The Bungee Cord 3-11-19

Hello,

     I think I need to go back to seminary for further instruction, Imposition of Ashes 101.

     Last Wednesday, we began Lent as we always do with Ash Wednesday.  I don’t know how long Christians have be observing the practice of placing a cross of ashes on the forehead of those who come to worship on Ash Wednesday, but I am quite certain it has been for a long time.  For a long time, people have begun their 40 day Lenten journey of reflection and restraint by coming to the front of the church during the Ash Wednesday worship service and have a cross of Ashes placed on their foreheads and hearing the truth of the human condition, “Remember you are dust, and to dust you will return.”

     Well, anyway, this past Ash Wednesday I arrived at church early in the evening so that I could prepare the ashes for imposition. That sounds like a rather formal thing that a pastor might have instruction on in seminary, but in truth it was one of those things that seemed to slip through my education.  How do you prepare a pile of ashes so that they can be applied to someone’s forehead?
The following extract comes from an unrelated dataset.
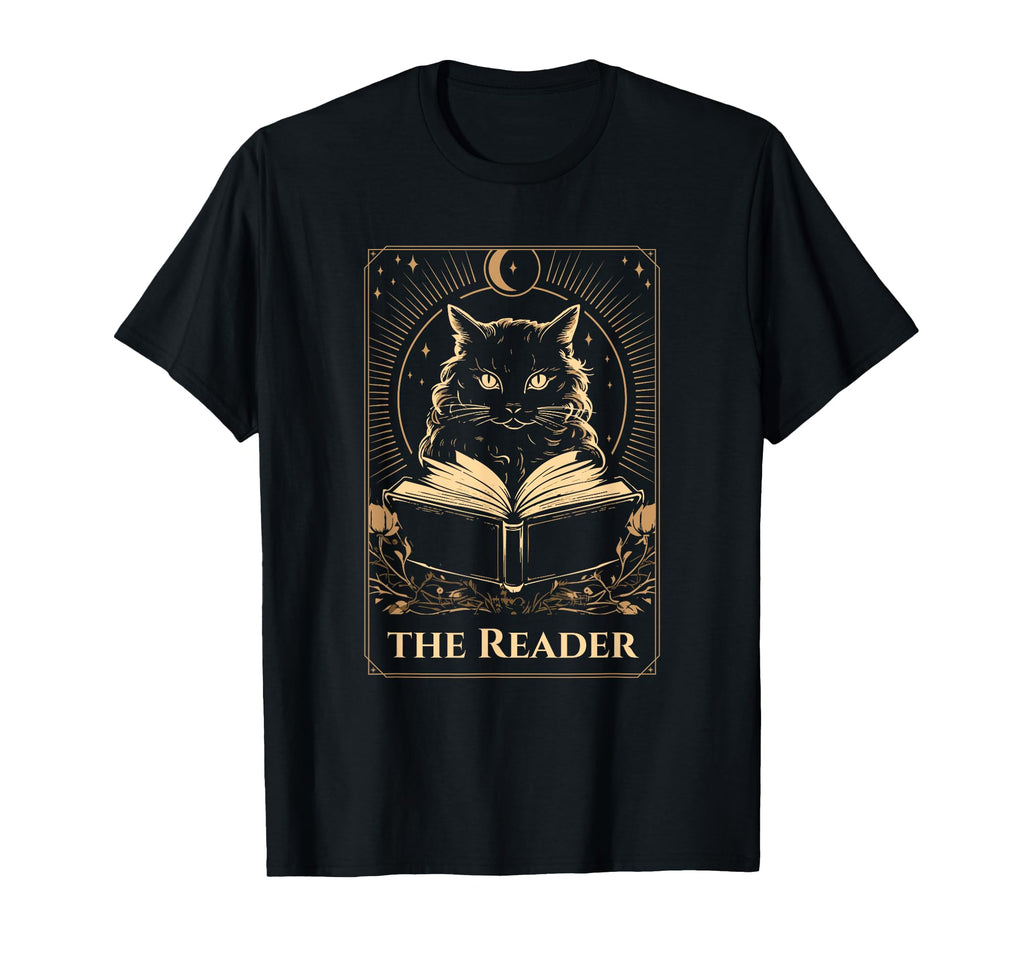 Black Cat Tarot Reader Occult Witchy T-Shirt - Novelty Apparel for Adults - T-Shirt, Sweatshirt, Hoodie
     Over the years, I have come up with my way of preparation. I take a bit of baby oil, not too much though lest the ashes become goopy, mix it in with the ashes and produce a sort of sticky but dry substance.  Also in the past, I have taken the safer route by buying a packet of ashes from a church store (yes….you can buy ashes).  When you buy them they come very finely crushed and uniform in size. Many churches, however, make their own ashes.  They make them out of the Palm Sunday palms that people have kept at their homes for a year.  They bring their dried palms (a visual sign of how our faith can become rather fickle, shouting Hosanna one day, and another day our praises have sort of dried out) on the Sunday before Lent and burn them.  Thereby when they are placed on our foreheads, it is a physical confession of our up and down faith, and speaking to us the truth that our only hope is in the grace of God who sent his son to die on a cross for us.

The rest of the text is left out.